Refusant de répondre à la question maintes fois posée
: « Est-ce que les machines sont faites pour produire des biens
ou pour donner du travail aux hommes ? », ils imaginent les solutions
les plus farfelues.
C’est ainsi par exemple, que dans les années 30, en Irlande,
on faisait creuser des trous, construire des tours avec les pierres
qu’on en retirait, et le lendemain on faisait détruire ces tours
et combler les trous. Le tout afin de justifier les salaires versés
à ces terrassiers d’un genre nouveau.

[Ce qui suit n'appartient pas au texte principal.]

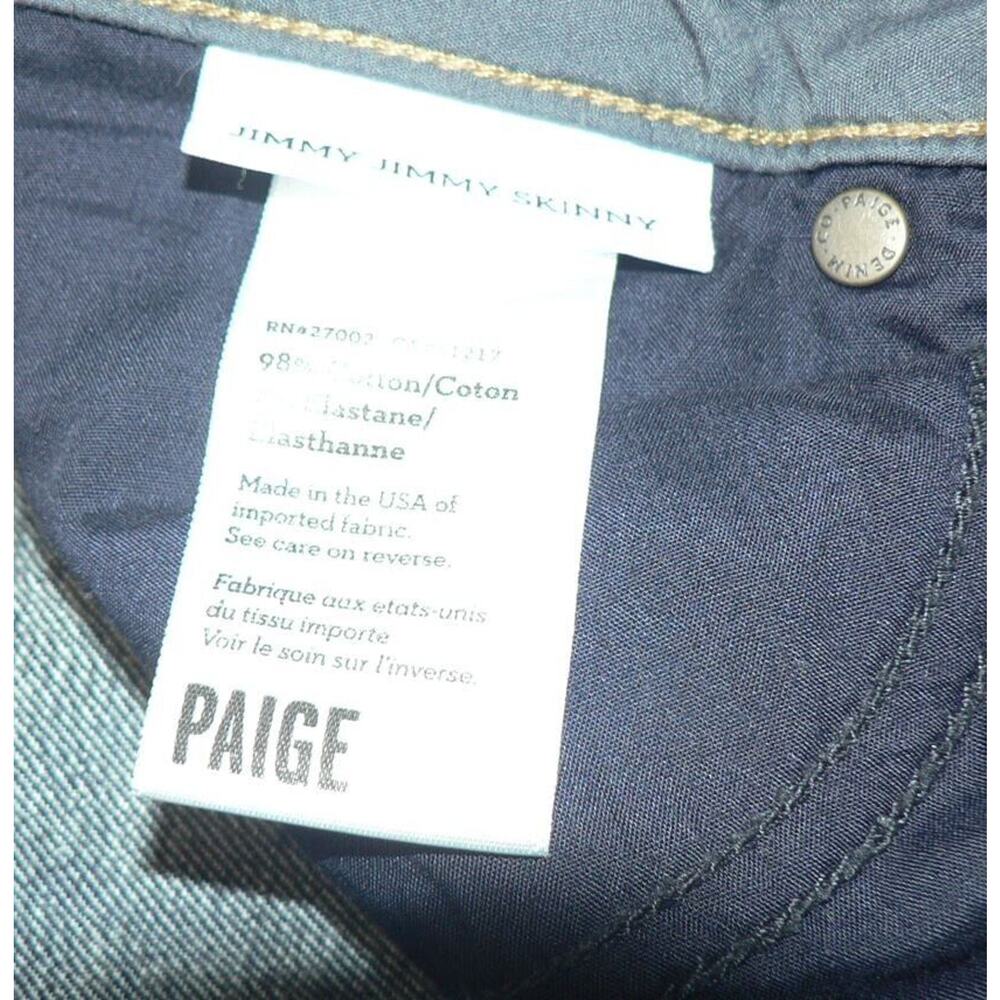 Paige Women's Jimmy Jimmy Skinny‎ Blue Jeans Size 32 MSRP $199 - Picture 10 of 11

Les exemples absurdes ne
manquent pas, mais en ce dernier quart de siècle, on fait les
choses de manière un peu moins voyante : on développe
le secteur tertiaire, c’est-à-dire le secteur des services. Des
services, certes, il en faut, mais jusqu’à un certain point.
C’est ainsi que pour justifier l’emploi des gratte-papiers de tous niveaux
hiérarchiques, on met en place une réglementation paperassière,
incompréhensible et le plus souvent inutile, voire nuisible.
Mais cela ne suffit pas, et, surtout, cela ne crée pas toujours
du profit. Alors on a imaginé de fabriquer des armes.
LA fabrication des armes présente des tas d’avantages :
- sauf exception, on ne les vend pas à des particuliers mais
à des gouvernements (et chacun sait que pour acheter des armes,
un gouvernement trouve toujours les finances nécessaires, les
pays exportateurs accordant au besoin les crédits demandés...)
;
- les armes se démodent vite et il faut, c’est bien connu, toujours
suivre la mode sous peine d’être mal considéré (mal
défendu, diraient en l’occurence les militaires). Alors on est
bien forcé d’acquérir ce qu’il y a de plus nouveau ;
- une petite guerre, de préférence par pays sous-développés
interposés, permet en général de réduire
considérablement les stocks...
Ces avantages sont tels que la fabrication des armements est un des
rares secteurs de production à ne pas être touché
par les aléas de la conjoncture. Dans ce domaine, ce sont les
acheteurs qui attendent le bon vouloir des vendeurs. L’économie
rêvée, quoi !
Il n’est donc pas surprenant que dans les pays dont le niveau technologique
est suffisamment élevé pour permettre la fabrication d’armements
très sophistiqués (U.S.A., U.R.S.S., Grande-Bretagne,
République Fédérale Allemande, France), le secteur
de la fabrication des armements joue un rôle moteur dans l’économie.
Aux Etats-Unis, l’économie militaire réalise un chiffre
d’affaires équivalent à celui de Esso-Standard, General
Motors, Ford, Royal Deutch, Shell, Dupont de Nemours et Kodak réunis.
En U.R.S.S., comme aux Etats-Unis, un citoyen sur cinq vit directement
ou indirectement de la production militaire.
En Allemagne, où la fabrication des avions occupe plus de 200
000 personnes mais où l’exportation directe reste, pour le moment,
relativement faible par suite de la volonté du gouvernement d’éviter
que ce secteur devienne un groupe de pression trop influent sur la politique
gouvernementale, les syndicats exigent de plus en plus que des facilités
soient accordées aux industries de l’armement pour favoriser
leur production et par là même assurer un haut niveau d’emploi.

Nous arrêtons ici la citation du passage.